## TASK REQUIREMENTS
Each entry should be copied as it stands, leaving the pictures behind.

Segment Start: RECORD SET

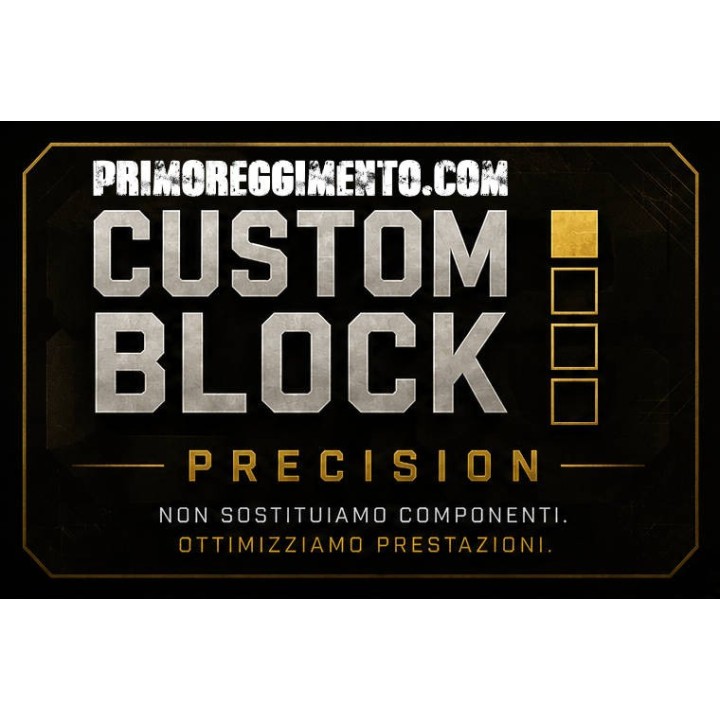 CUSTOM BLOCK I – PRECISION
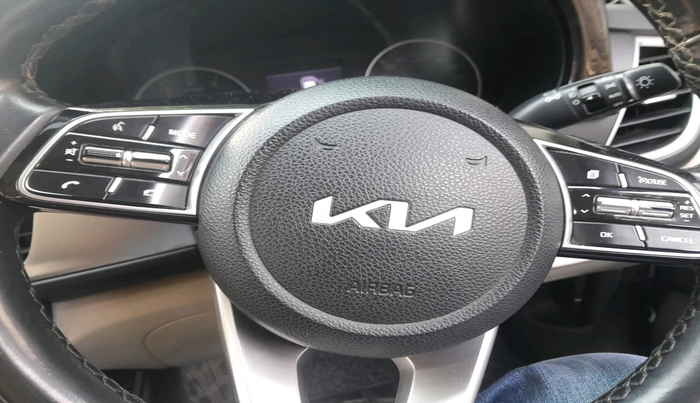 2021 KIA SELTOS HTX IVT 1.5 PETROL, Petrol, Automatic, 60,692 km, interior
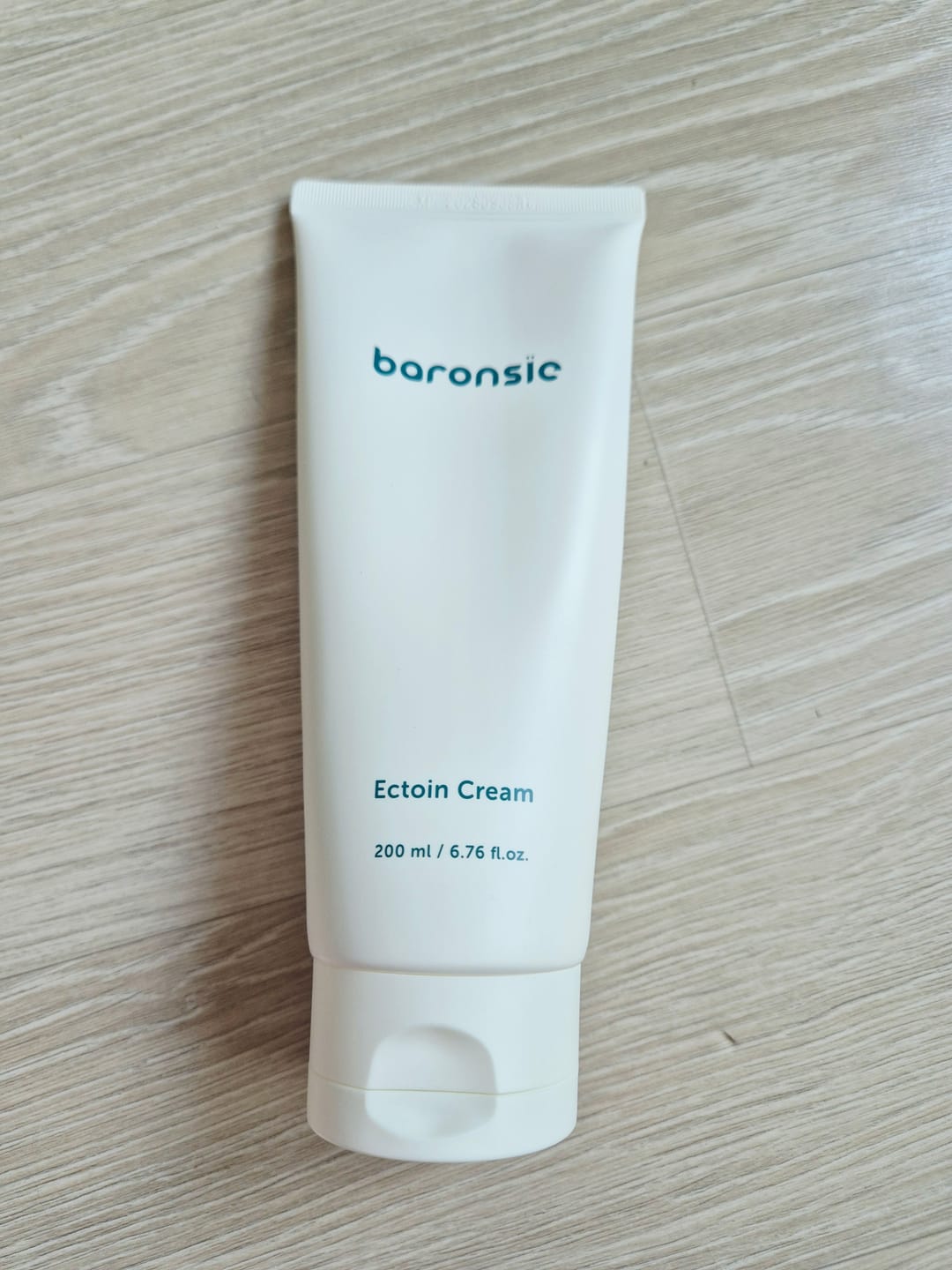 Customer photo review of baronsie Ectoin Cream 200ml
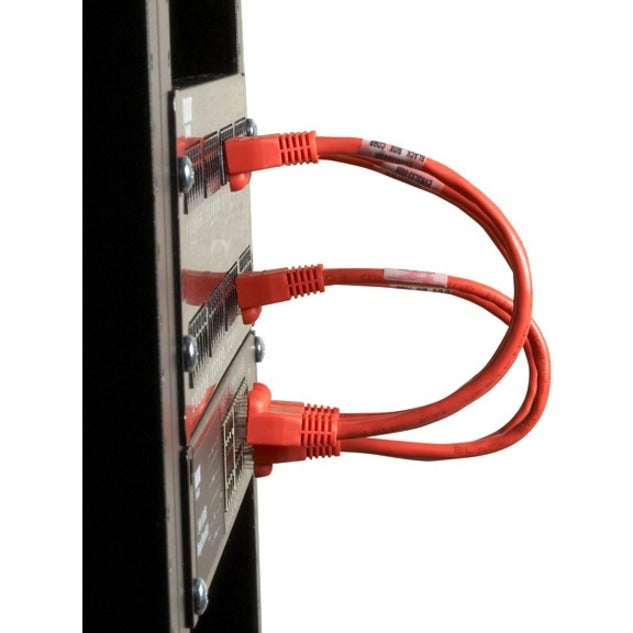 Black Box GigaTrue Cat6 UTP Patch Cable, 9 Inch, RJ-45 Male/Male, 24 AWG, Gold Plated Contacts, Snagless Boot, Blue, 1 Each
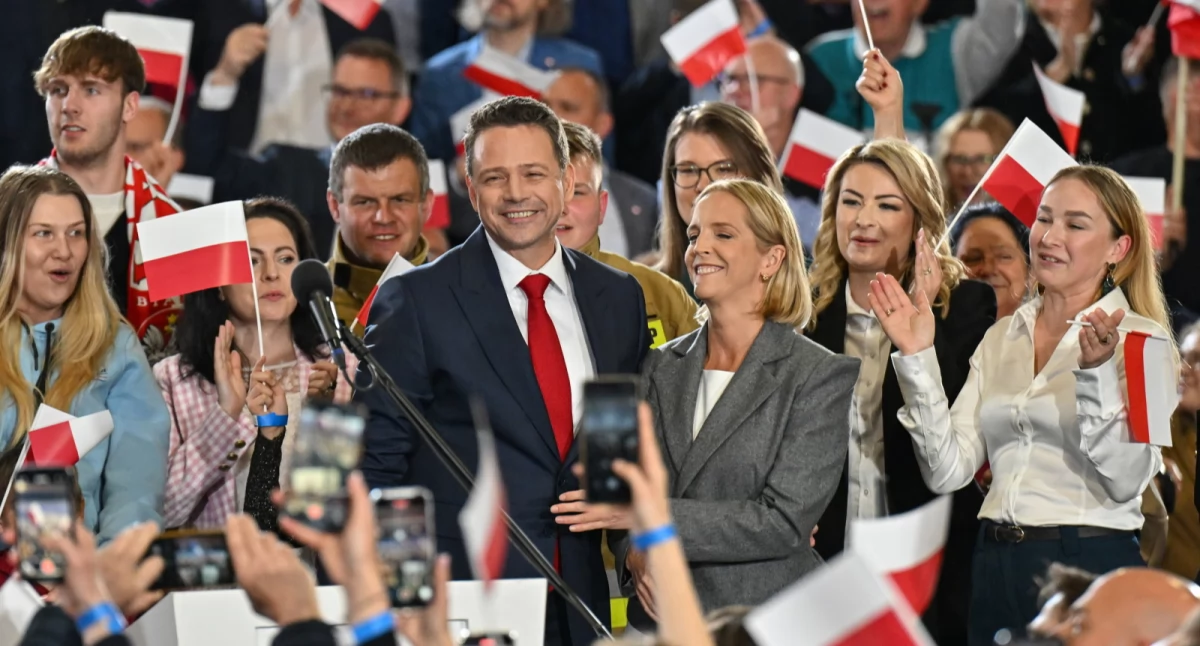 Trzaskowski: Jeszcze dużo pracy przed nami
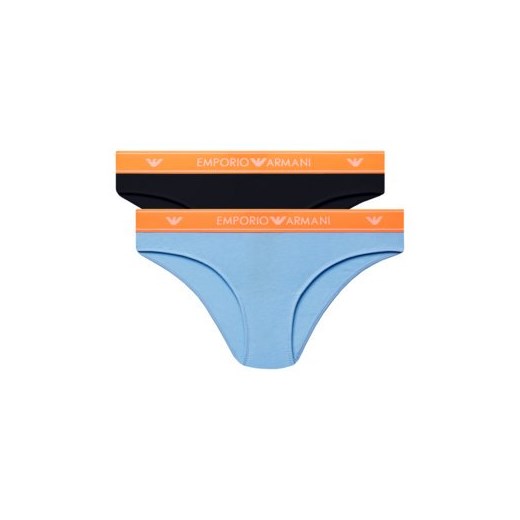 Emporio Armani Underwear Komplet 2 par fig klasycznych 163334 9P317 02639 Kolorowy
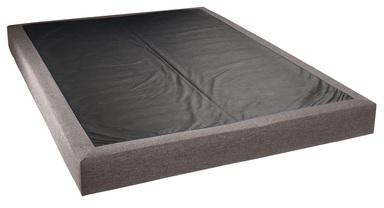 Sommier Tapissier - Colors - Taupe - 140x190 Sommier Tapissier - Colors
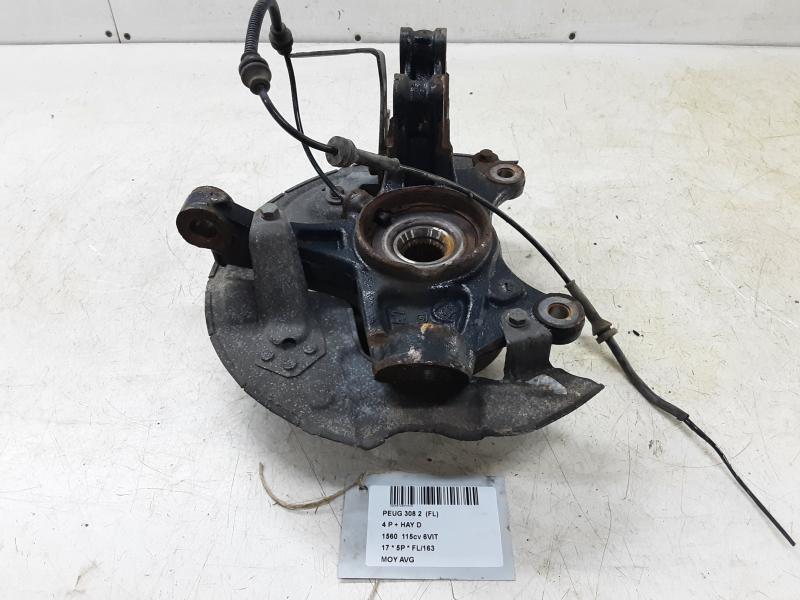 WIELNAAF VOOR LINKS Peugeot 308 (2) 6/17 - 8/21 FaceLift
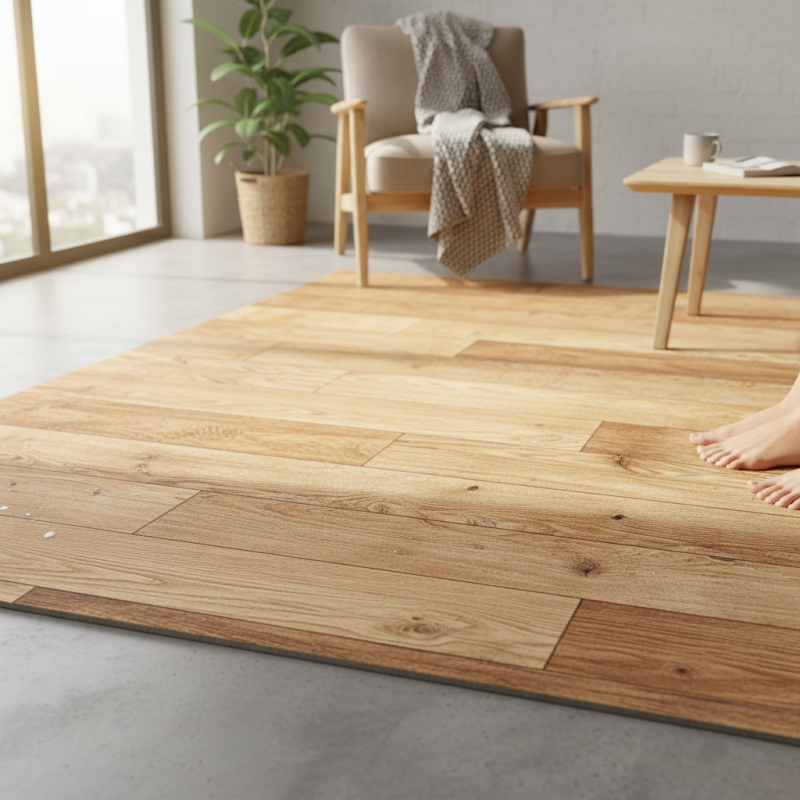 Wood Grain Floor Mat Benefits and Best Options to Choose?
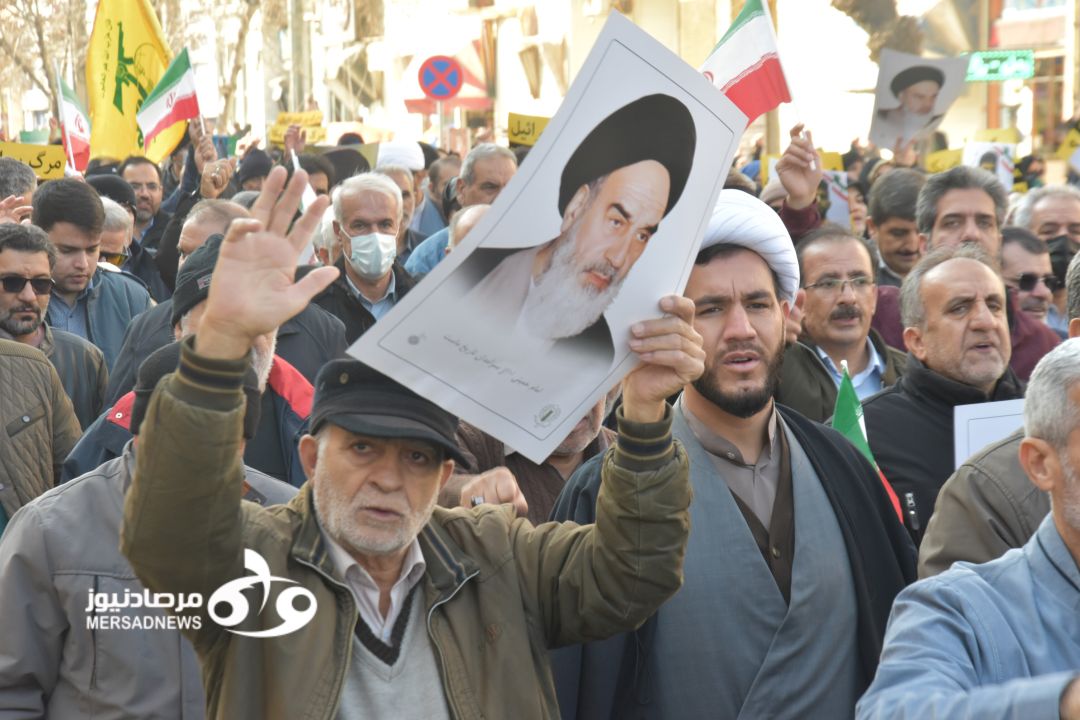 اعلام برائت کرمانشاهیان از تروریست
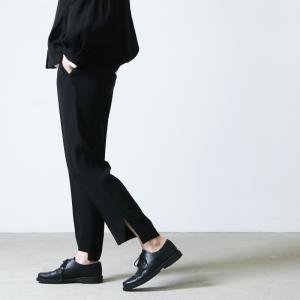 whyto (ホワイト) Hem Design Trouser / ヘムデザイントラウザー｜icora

Segment End: RECORD SET

## REPLY TO THE EXERCISE
 CUSTOM BLOCK I – PRECISION
 2021 KIA SELTOS HTX IVT 1.5 PETROL, Petrol, Automatic, 60,692 km, interior
 Customer photo review of baronsie Ectoin Cream 200ml
 Black Box GigaTrue Cat6 UTP Patch Cable, 9 Inch, RJ-45 Male/Male, 24 AWG, Gold Plated Contacts, Snagless Boot, Blue, 1 Each
 Trzaskowski: Jeszcze dużo pracy przed nami
 Emporio Armani Underwear Komplet 2 par fig klasycznych 163334 9P317 02639 Kolorowy
 Sommier Tapissier - Colors - Taupe - 140x190 Sommier Tapissier - Colors
 WIELNAAF VOOR LINKS Peugeot 308 (2) 6/17 - 8/21 FaceLift
 Wood Grain Floor Mat Benefits and Best Options to Choose?
 اعلام برائت کرمانشاهیان از تروریست
 whyto (ホワイト) Hem Design Trouser / ヘムデザイントラウザー｜icora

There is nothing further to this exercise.